The much awaited Insolvency and Bankruptcy Code received the President’s nod on May 28, 2016. The Code was a decently written piece of legislation with laudable but ambitious intentions. It is still not in effect and it will be a while before the different bodies are set up and relevant rules and regulations are framed.
The Code, among other things, deals with corporate debt of broadly two kinds: operational and financial. Operational debt is debt owed to, amongst others, trade creditors, employees, service providers and the government. Financial debt, as the name suggests, is in the nature of different borrowings availed from money lenders. Financial debt is further divided into secured and unsecured financial debt.
A marked departure in the Code from the existing regime is that no creditor can directly file for winding up. The first stage is an insolvency resolution process in which creditors must attempt to resolve problems and agree to a resolution plan.
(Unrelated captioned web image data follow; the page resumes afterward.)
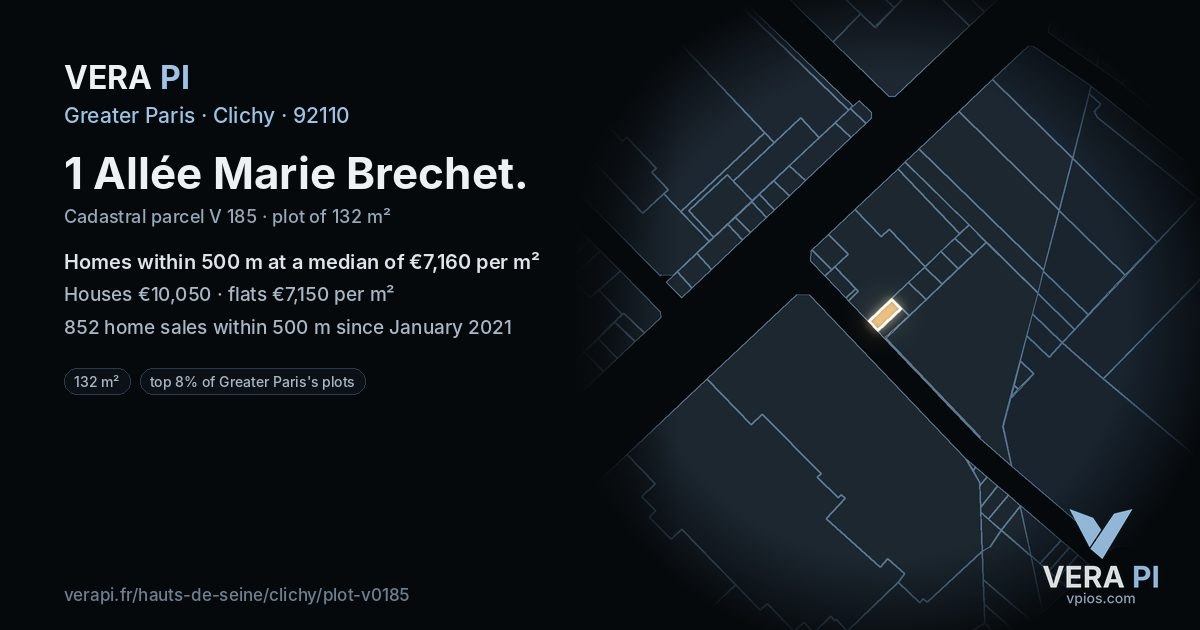 1 Allée Marie Brechet, Clichy at night – the plot lit, the parcels around coloured by the prices near them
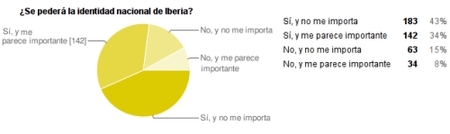 iberia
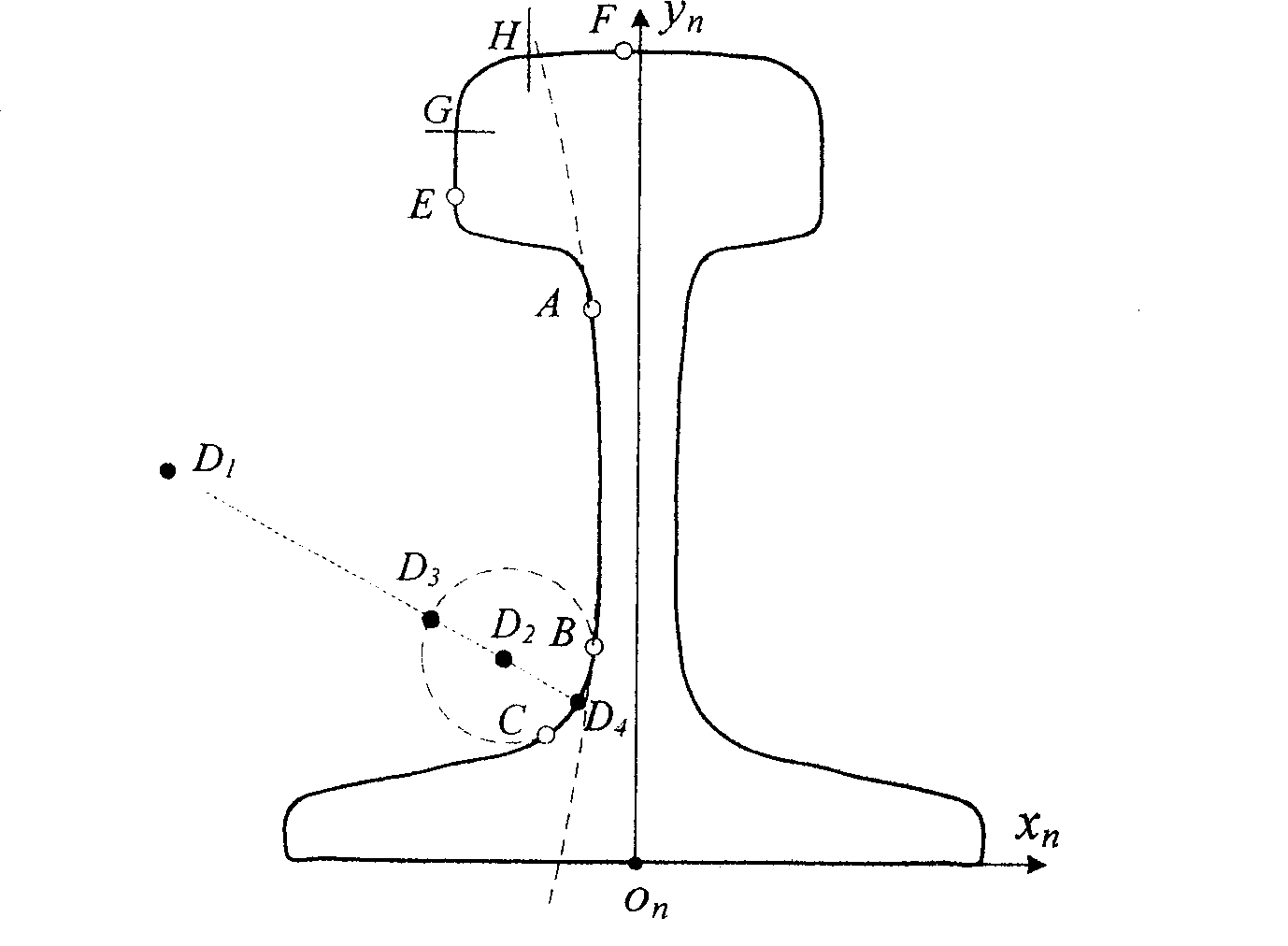 Steel rail wear laser visual dynamic measuring method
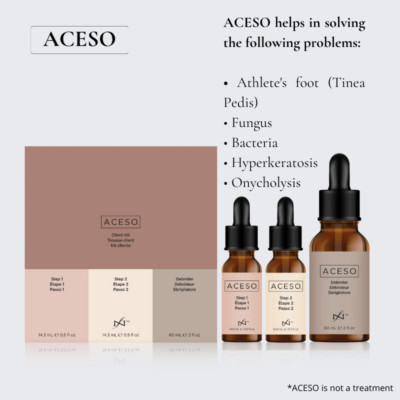 ACESO Means for the prevention of Onycholysis, Hyperkeratosis, Tinea Pedis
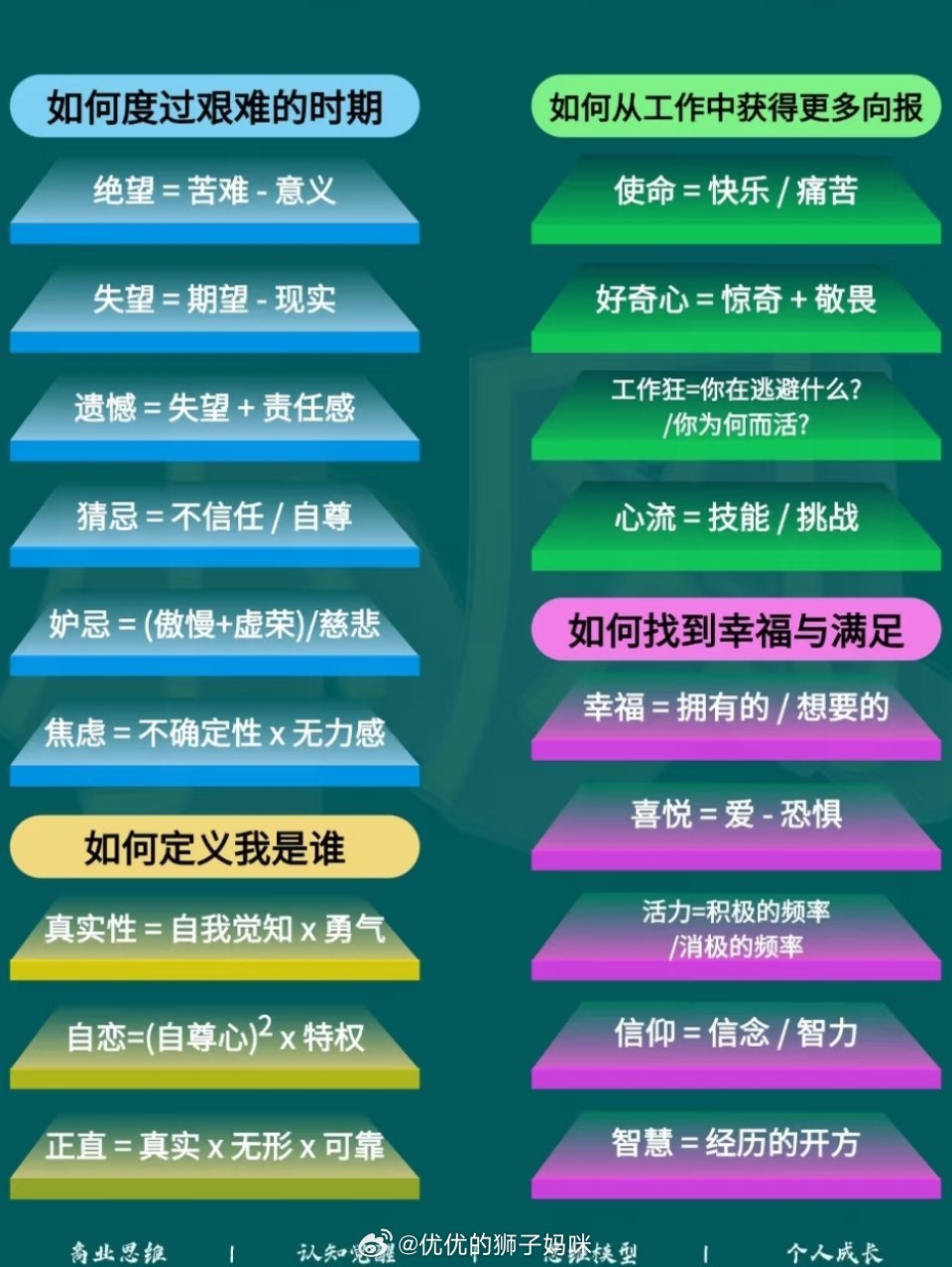 理解人生的18个情绪方程式 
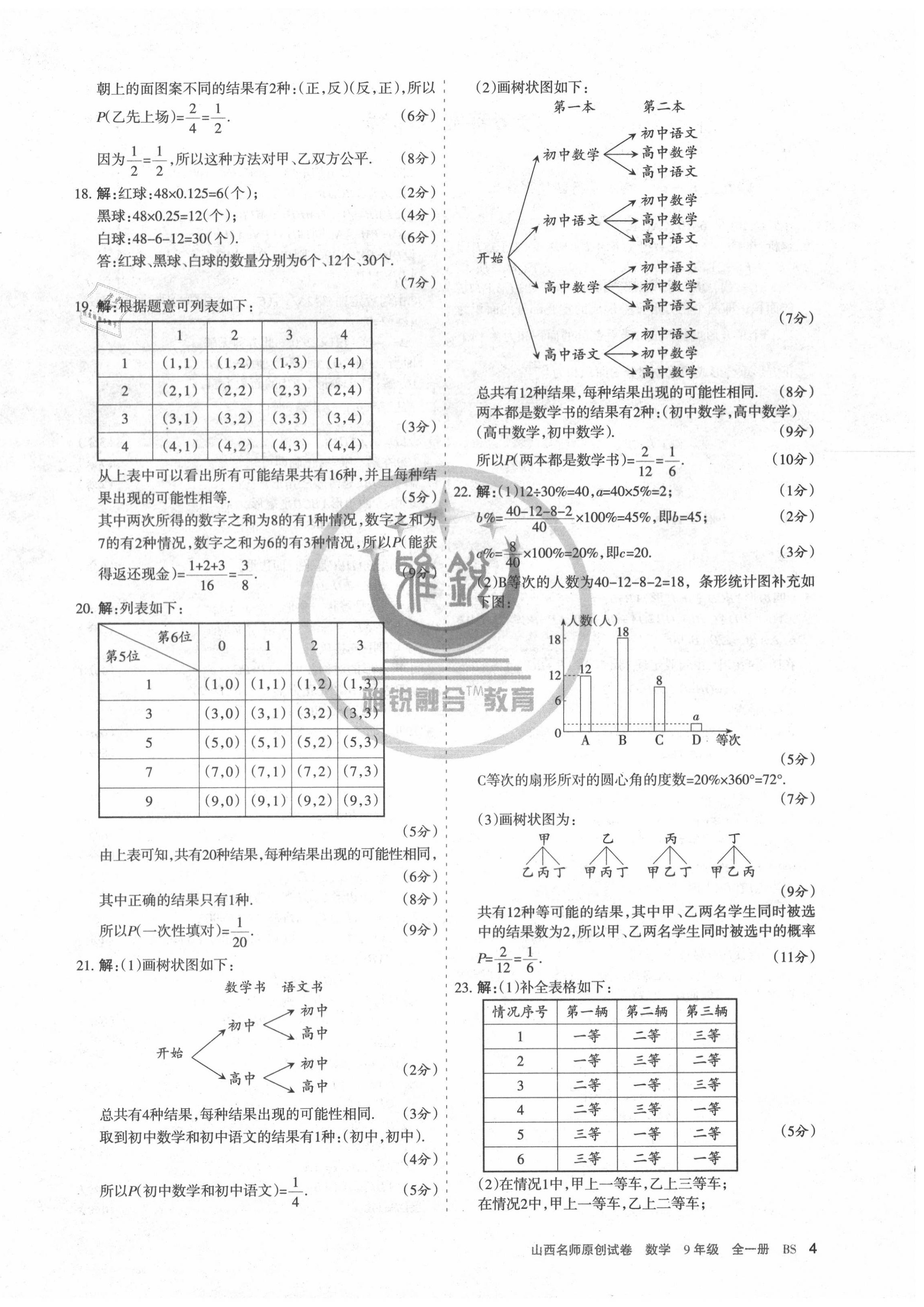 2020年山西名师原创试卷九年级数学全一册北师大版 第4页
Corporate insolvency applications can be filed before the National Company Law Tribunal (NCLT) by any financial creditor if there is a default in payment of a financial debt.
Once NCLT admits the insolvency application, an insolvency professional is appointed who is responsible for forming a committee of creditors, which approves the resolution plan. The committee will comprise only financial creditors and will take decisions by a 75 per cent majority based on the quantum of debt owed. The benefit for unsecured creditors is that they are on the same footing as secured creditors in the committee.
PRIORITY OF PAYMENT
The Code significantly changes how the liquidation estate will be distributed. First, all insolvency resolution process costs and liquidation costs are to be paid. It is interesting to note that these costs include any interim financing raised by the insolvency resolution professional. Therefore, such interim financiers get priority over all other creditors.
Thereafter, debt owed to secured financial creditors who have relinquished security to become part of the liquidation process and dues owed to workmen in the 24 months preceding commencement of liquidation is paid on an equal footing. Once that is done, wages and unpaid dues to employees (not being workmen) for the last 12 months are paid out.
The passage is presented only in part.